## Dataset excerpts
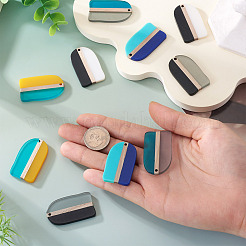 10шт 5 цвета подвески из смолы и дерева&nbsp;RESI-TA0004-53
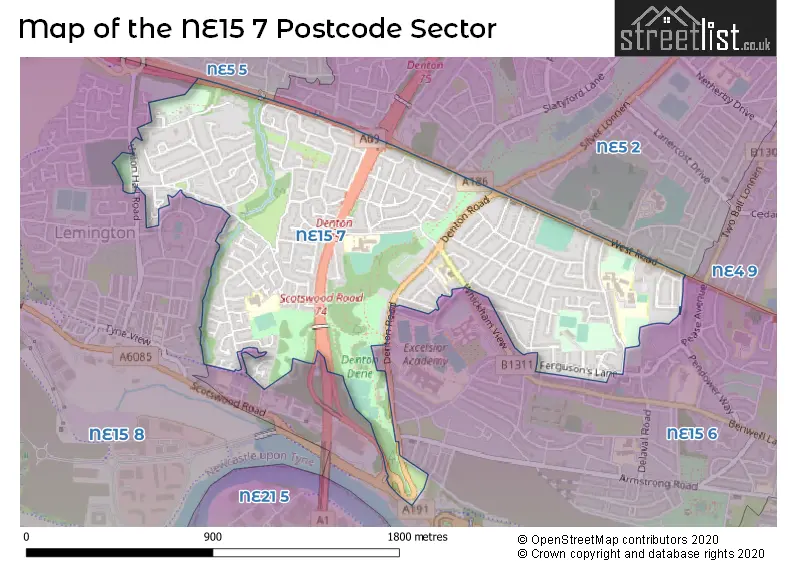 Map of the NE15 7 and surrounding postcode sector
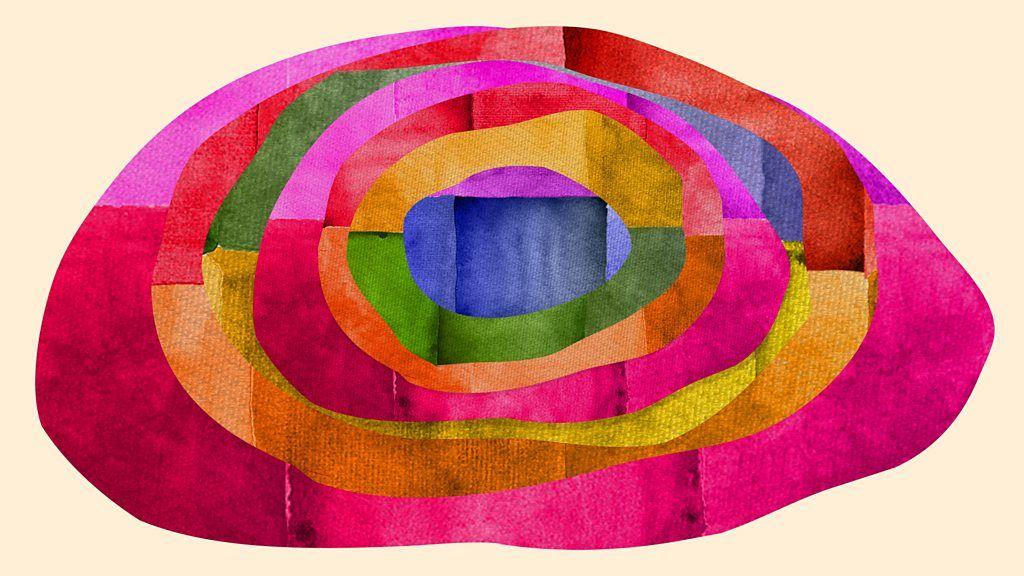 Imagem abstrata, em formato circular
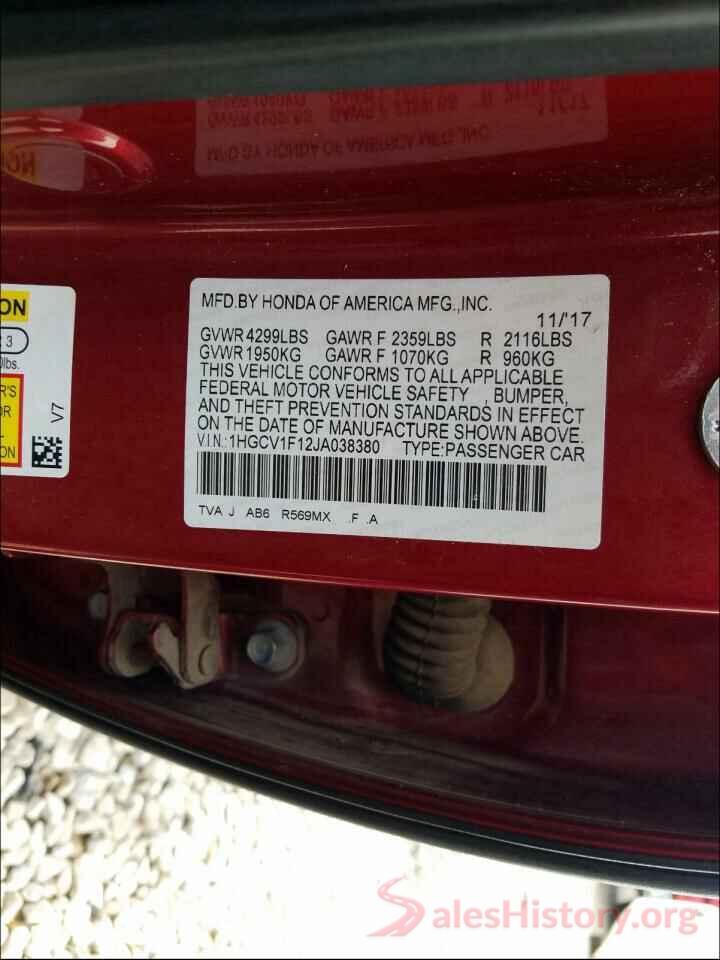 1HGCV1F12JA038380 2018 HONDA ACCORD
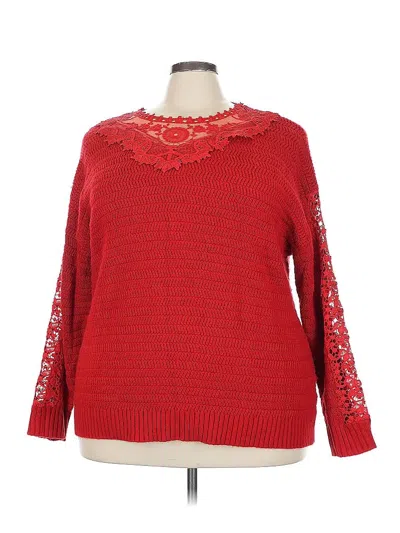 Pre-owned Shein Curve Pullover Sweater In Red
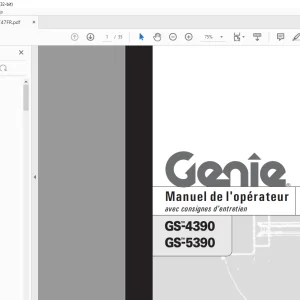 Genie Lift GS-4390 GS-5390 Manuel de l’opérateur 62747 PDF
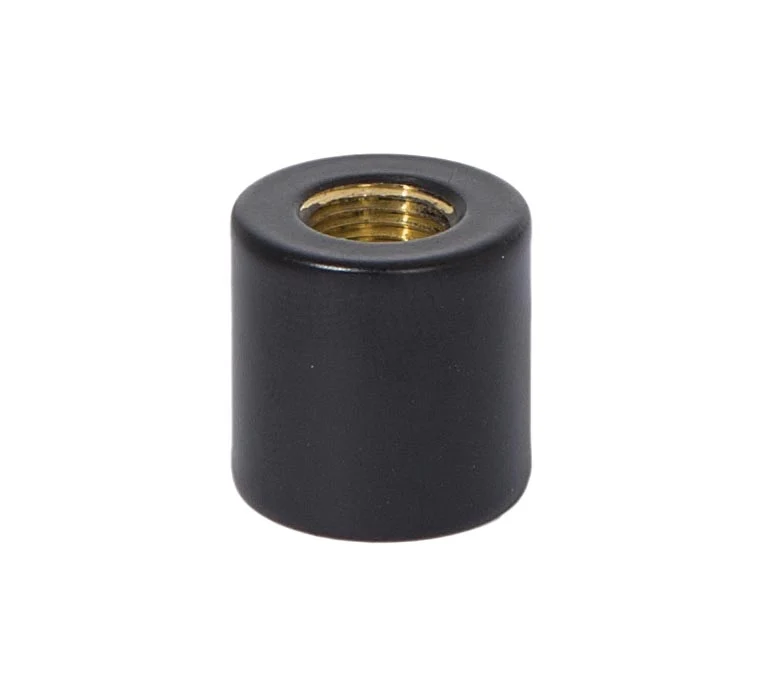 3/4 Inch Tall Satin Black Brass Lamp Coupling, 1/8F x 1/4F Taps (21205BK)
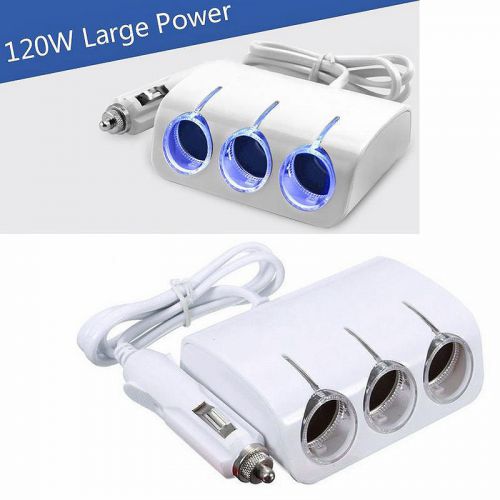 Car auto cigarette lighter 3 sockets splitter charger dc power adapter / wh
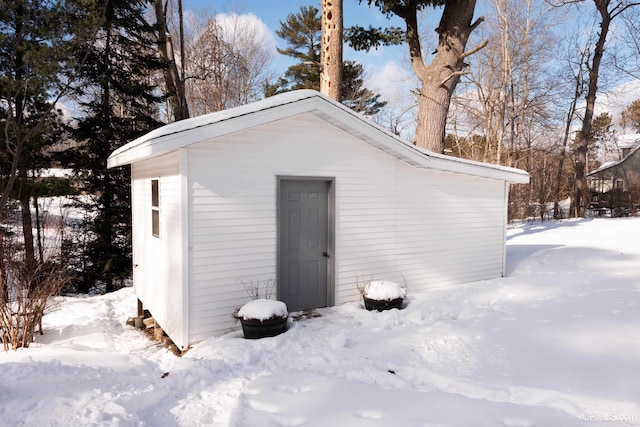 view of snow covered structure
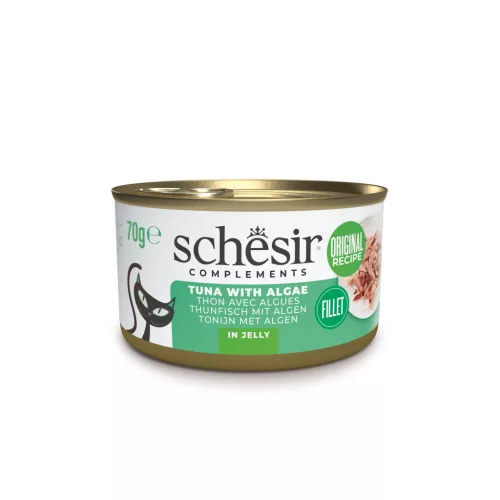 Schesir Hrană umedă complementară pentru pisici adulte cu ton și alge în aspic 70 g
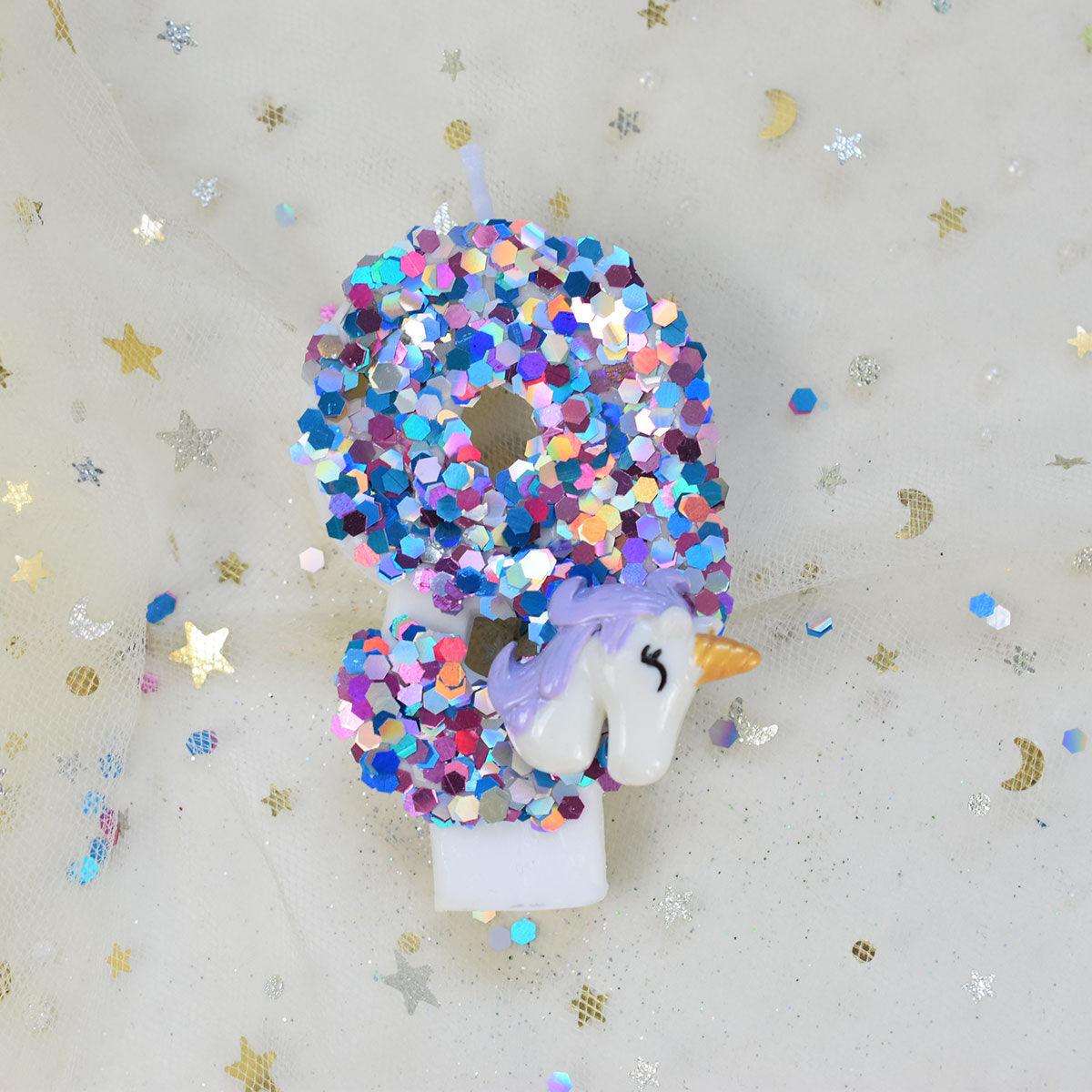 Bougie licorne à paillettes - Licorne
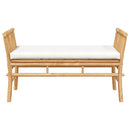 Havebænk med pude Brun 110 x 38 x 65cm Bambus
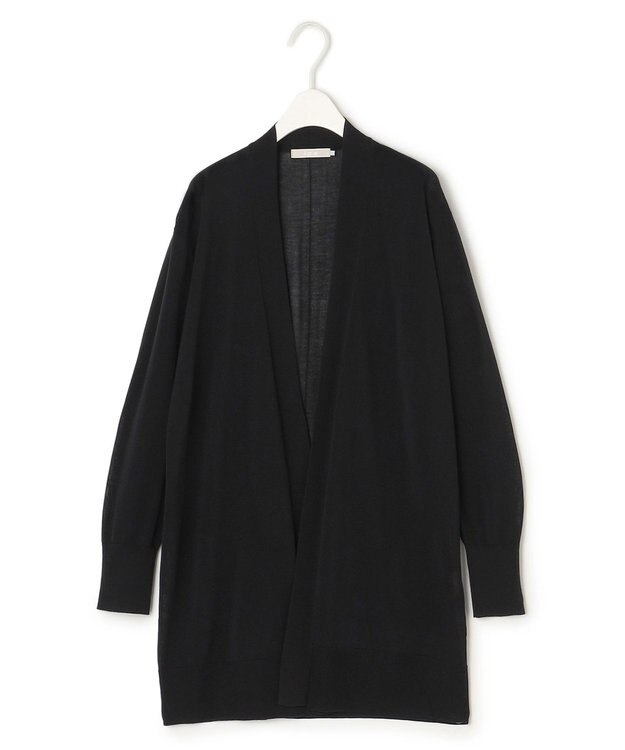 ICB 【洗える】 ウールアセテートハイゲージ カーディガン ブラック系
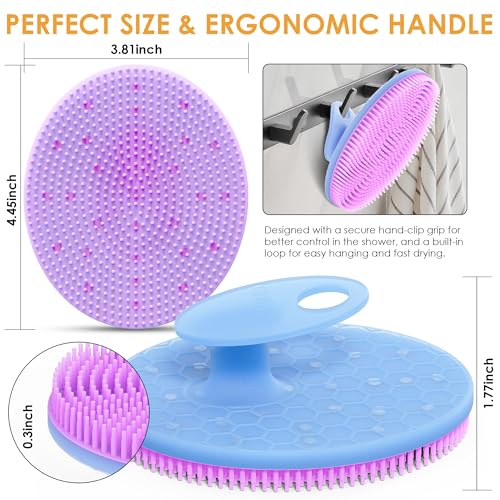 INNERNEED Magnetic Silicone Body Scrubber, Hygienic Shower Brush, Purple - color: Purple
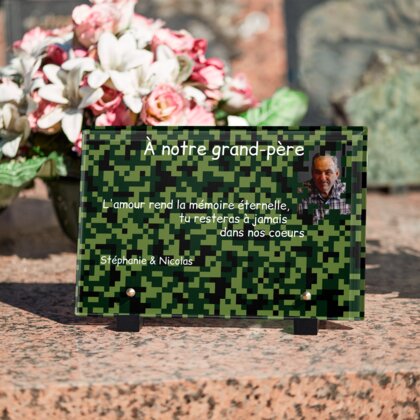 Plaque funéraire nano-camouflage 18 Plaquedeces.fr
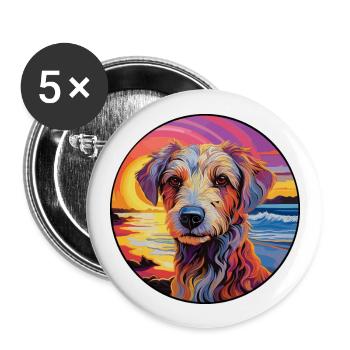 Taigan Kyrgyz Taighany Dog Breed Colorful Cartoon - Buttons large 2.2''/56 mm (5-pack) - white - Front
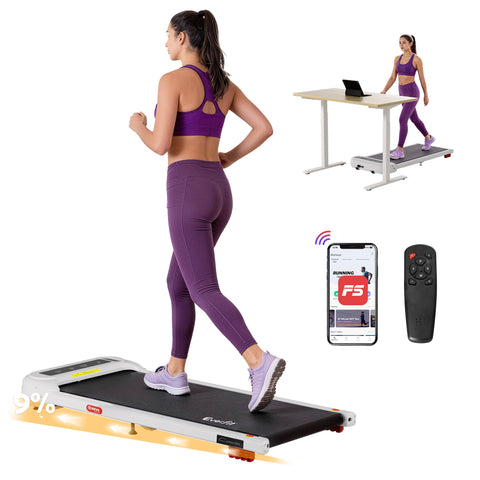 Everfit Treadmill Electric Walking Pad with Incline Under Desk Home Gym (White)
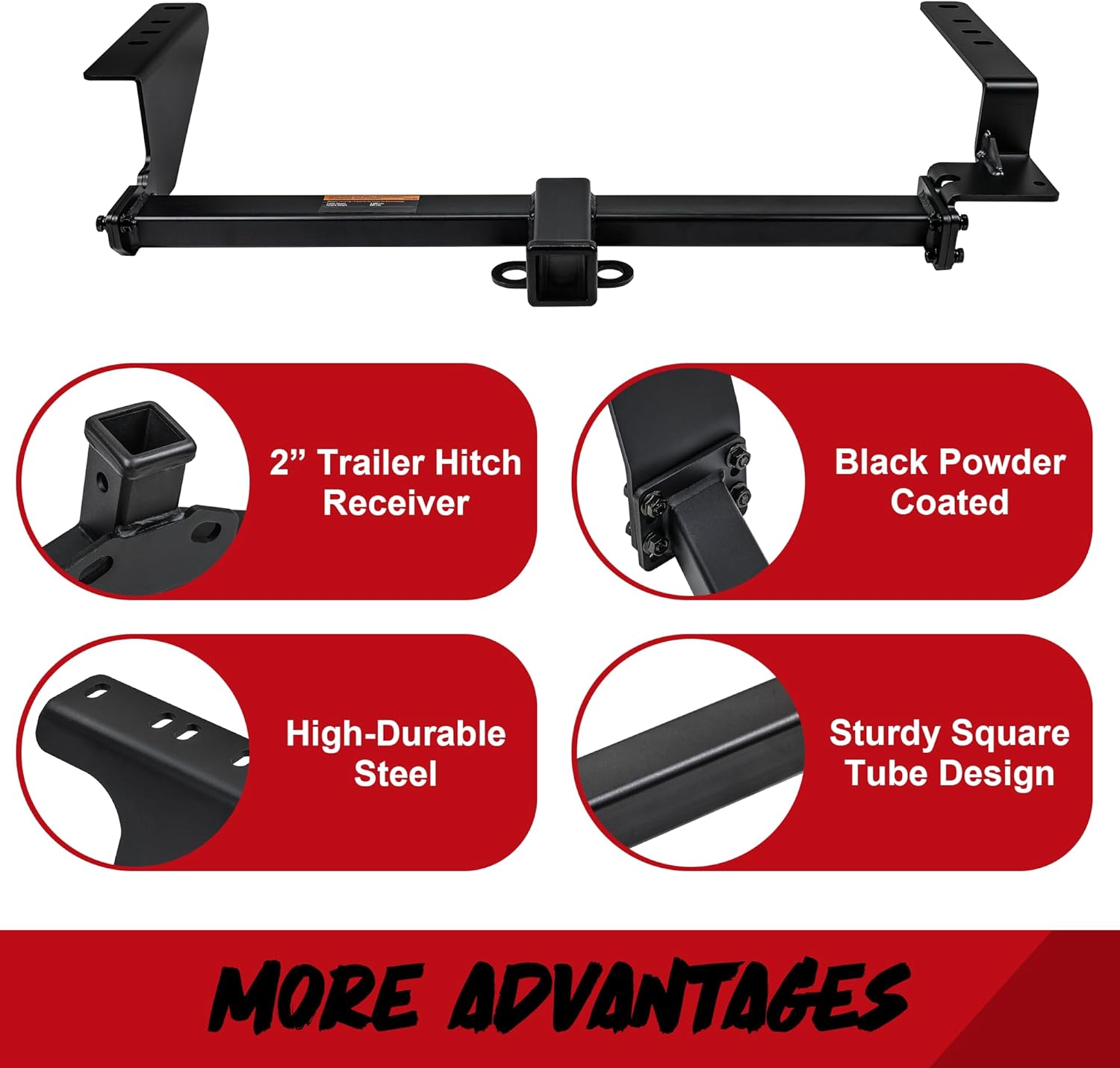 DBXB-RV Class 3 Trailer Hitch Standard 2-Inch Receiver Compatible with 2002-2006 Honda CR-V, Multi-Fit Hitch to Receive Ball Mount, Cargo Carrier, Bike Rack. Black Powder Coated. 13535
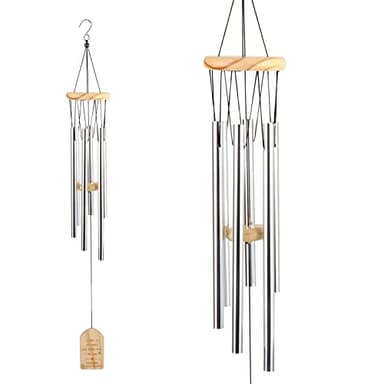Carillon a Vent Exterieur Carillon à Vent de Jardin avec 6 Tube Aluminium en Métal Carillon Éoliens Nature Mélodieux pour Jardin Maison Patio Balcon Décoration(Argent)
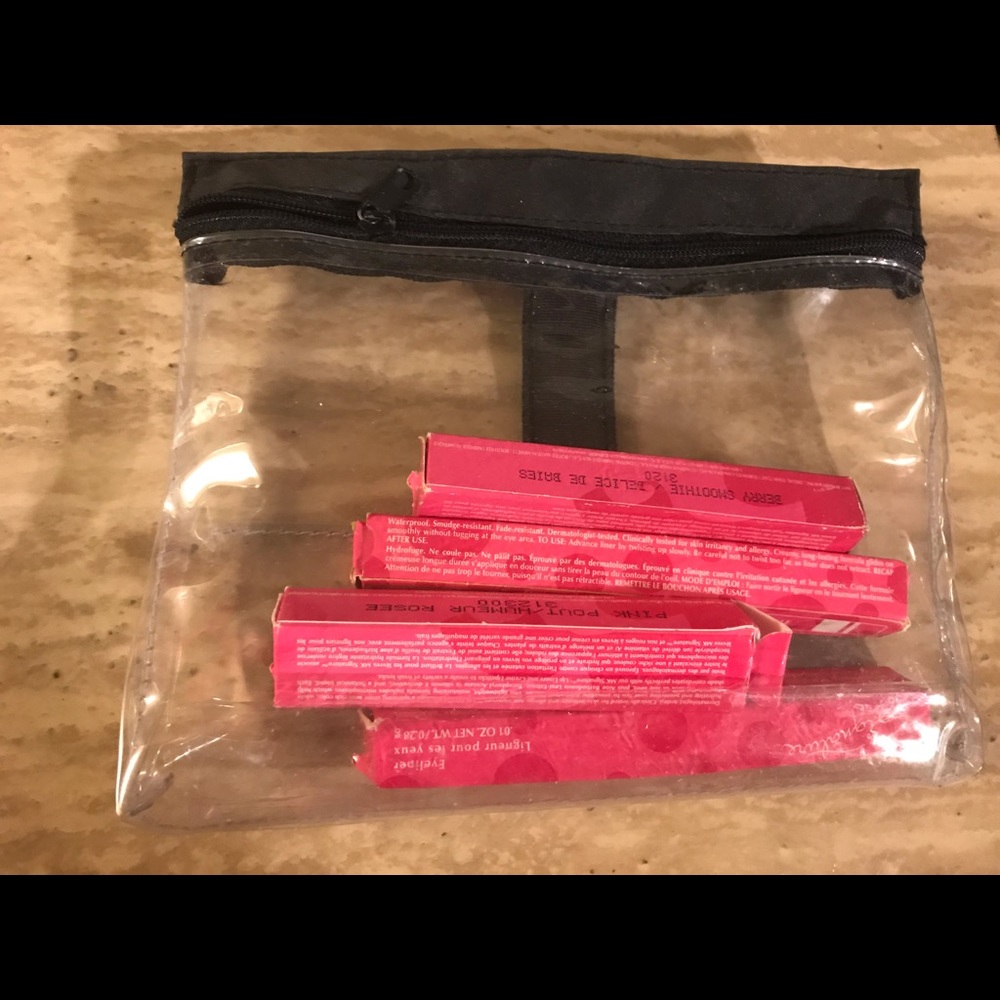 Clear Mk multi use cosmetic bag on the go zip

## Exercise aim
Repeat exactly the stretch of the listing above that starts with the line holding "Map of the NE15" and finishes with the line holding "3/4 Inch Tall", both included. Skip every picture.

## Task result
 Map of the NE15 7 and surrounding postcode sector
 Imagem abstrata, em formato circular
 1HGCV1F12JA038380 2018 HONDA ACCORD
 Pre-owned Shein Curve Pullover Sweater In Red
 Genie Lift GS-4390 GS-5390 Manuel de l’opérateur 62747 PDF
 3/4 Inch Tall Satin Black Brass Lamp Coupling, 1/8F x 1/4F Taps (21205BK)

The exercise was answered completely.